_About this task_:
Omitting all pictures, print the lines of the listing from the one containing "Coque pour iPhone" through the final line, both ends included, with no other text.

_Collected material_:
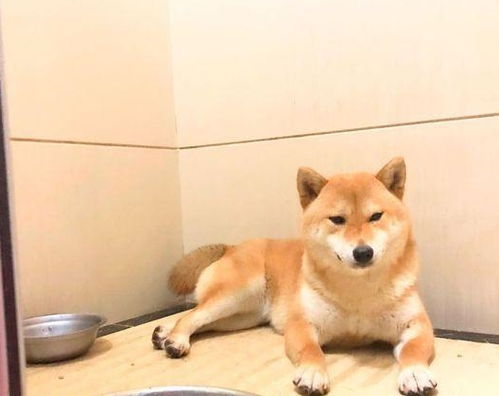 柴犬怀孕多久生小狗
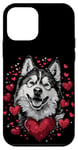 Coque pour iPhone 12 mini Coeurs de chien Alaskan Malamute pour la Saint-Valentin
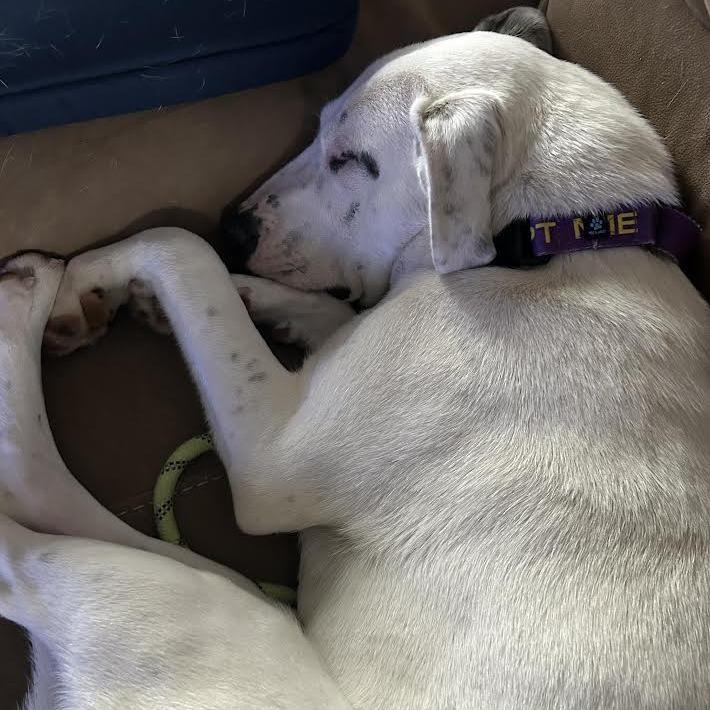 Enlarge Abigail, a Adoptable mixed breed in Abilene, TX image 4/6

_Answer for this exercise_:
 Coque pour iPhone 12 mini Coeurs de chien Alaskan Malamute pour la Saint-Valentin
 Enlarge Abigail, a Adoptable mixed breed in Abilene, TX image 4/6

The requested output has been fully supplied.